I decided to go shower, cleanse myself, and think about my game some. I had some ideas, and a lot of good ideas. I went into the shower thinking happy.
Then I came out miserable. Something struck me, a bigger project I’ve been doing initial design for — it’s pretty much derivative fiction. Roughly a clone of Touhou Project with a different premise, different characters, and new locations, and I was lacking ideas how to make it remotely interesting. Then my mind started going further back. It started looking at every project, pointing out how it clones something else. I’m told that many popular things derive from other things, almost entirely sometimes. But I don’t want to be like that. It doesn’t feel good.
This has completely dug into my motivation for my LD game. I quite liked the premise. You’re an embodiment of chaos, heading through tunnels, and battlegrounds while a human army fights of a wave of demons. You become the villain by being an omnipotent troll, ripping apart the war, twisting it in your favor, and rewarding yourself based on your actions. I thought this was a neat idea. It has nothing to do with any of my other games.
And yet this depression trigger has completely cut into my motivation for LD. I liked my game. My premise was interesting enough, for me at least. And I thought it could be fun. I feel a bit off since I’m still playing with shaded blocks for environment, while everyone’s got their pixels in. And it seems like there’s this overwhelming push for pixels when I want nice, painted textures. But there’s nothing wrong with that, and yet it’s somehow driving me insane.

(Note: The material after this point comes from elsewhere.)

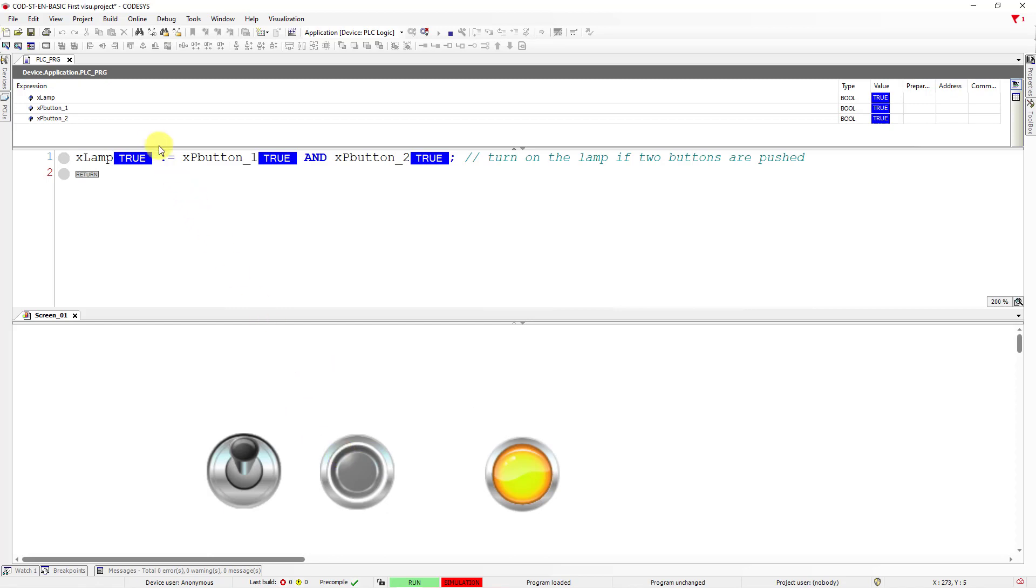You have turned the lamp on using simple elements for our visualization. You can find also the ready-made project down below the video. And see you later in the next video.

For the moment, I’m going to eat something, sit down, and talk to a friend. I’m eating sub sandwiches, homemade. I haven’t eaten all day — not because I’m feeling this way, but because I was so dedicated to my game, and I was feeling good about things. Maybe not feeling empty will make me feel better. Once I’m done, I’m going to try to get AI working, and get the battles working in my game. Maybe seeing these things work will make me feel good again.
The whole situation is strange, though. I don’t want to be the person who follows the leader, who jumps into one thing’s popularity and just rides it attempting to make a buck or two off of it. That kind of thing results in Metal of Honor: Warfighter. I want to create something new, and interesting. But I feel like I’ve failed massively.